By Marlene Flynn
“It is the most beautiful and authentic garden in the world outside Japan.”
Those were the words of former ambassador of Japan to the United States, Nobuo Matsunaga, upon visiting the Portland Japanese Garden during the summer of 1988.
Tucked into the hills of Portland’s Washington Park just three miles west of downtown, a splendor both subtle and stirring calls to the visitor. Welcome to the Portland Japanese Garden.
Here, the staggering beauty that is the Pacific Northwest becomes serene. Where the great national parks of the West impose, leaving the traveler to feel his insignificance – this garden beckons, inviting the visitor to encounter the intimate.

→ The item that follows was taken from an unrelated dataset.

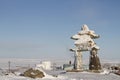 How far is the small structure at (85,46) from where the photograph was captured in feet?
133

Born out of a wish to grow cultural ties with Japan during the post-war years, the Portland Japanese Garden opened to the public in 1967. To visit now is to step into a place where foliage and flora do not compete – they are companions.
One experiences satoyama: nature in symphony. Twelve acres with eight separate garden styles comprise the space. Shore pines and Douglas firs preside, with wisteria and winding streams and waterfalls to guide you toward the Tea House. An occasional Japanese maple on the path becomes a friend who thrills and delights.
The space is open to the public year-round. October is ideal, with a chance to see the garden aglow in autumn grandeur. Portland itself offers no shortage of greenery and long leafy walks – but the Japanese Garden is a chance to step into the hidden heart of the city.